Haiti’s economic situation is closely tied into its political and historical past. As mentioned above, Haiti’s vision of a just, equal society free of slave trade and colonial rule did not truly ever happen due to lack of international support and recognition. Haiti’s economics have been controlled by elite groups and are tied into European and American economic interests. These interests concern cheap labor, which has been described as “a marvelous opportunity for American investment: the run-of-the-mill Haitian is handy, easily directed, and gives a hard day’s labor for 20 cents, while in Panama the same day’s work cost $3” (Chomsky, 1994, p. 205). U.S. corporations have grown to extreme numbers, from 13 companies to 154 companies between 1966 and 1981, contributing to almost half of Haiti’s export business which, of course provided “limited employment or other benefits for Haitians, apart from new opportunities for enrichment for the traditional elite” (Chomsky, 1994, p. 205).
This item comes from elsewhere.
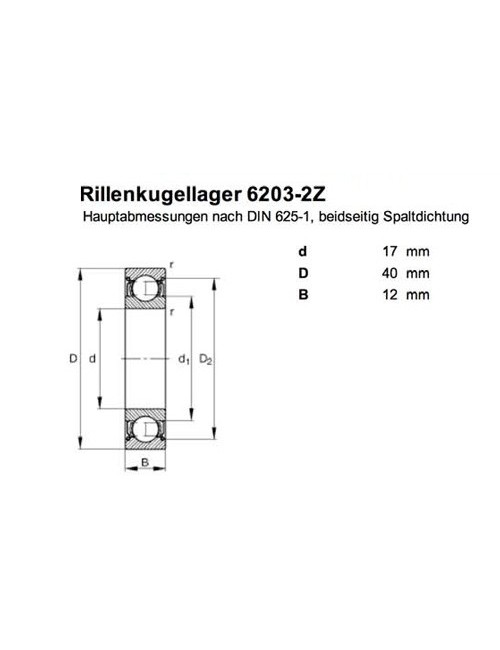 Bearing 6203 ZZ 17mm inside, 40mm outside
Haiti and the United States: A Look at Populations-at-Risk

By looking at the prevalence of environmental racism and disparities in healthcare, the poor in Haiti can easily be compared with the poor in the U.S.  Racism is alive and active in both the United States and Haiti. Chomsky, as stated above, refers to Haiti’s treatment of its poor as “virtual slavery”.  Environmental racism is ever-present in Haiti and the United States where “racial minority and low income groups bare a disproportionate burden of environment risks”  (Cutter, 1995, p. 111). The Haitians’ environment, living in communities seeped in sewage, human waste, and other hazards is very similar to dangerous chemical plants, sewage systems, and oil spills that exist alongside black communities (Cutter, 1995). The disparity in healthcare is also prevalent in black and immigrant communities where it has been noted that black Americans and immigrants receive subpar treatment due to the lack of power and social status (Smedley, Stith, & Nelson, 2003).  Along with healthcare and environmental disparities is the practice of victim-blaming against minority groups, prevalent in both the U.S. and Haiti. The incredible maltreatment of black Americans (note: a nondominant, minority group) can be seen in the Tuskegee syphilis study. In this study, black patients were given partial treatment or were denied treatment in order to be used as guinea pigs to further scientific testing of treating syphilis (Thomas & Quinn, 1991).  Like the victims in the Tuskegee study, the poor in Haiti have received either only minimal treatment or none at all to treat diseases such as tuberculosis, HIV/AIDS, and malaria. The opposition to providing the treatment is the argument that “…it is simply not possible, or even wise, to deliver complex medical services in settings as poor as rural Haiti, where prevention should be the sole focus” (Farmer, 2006, p. 149). The question Paul Farmer is addressing in Kidder’s book is why should medical efforts be any less complex and developed for the poor than for the wealthy? Why do such disparities in healthcare exist for the poor not only in Haiti but also the United states?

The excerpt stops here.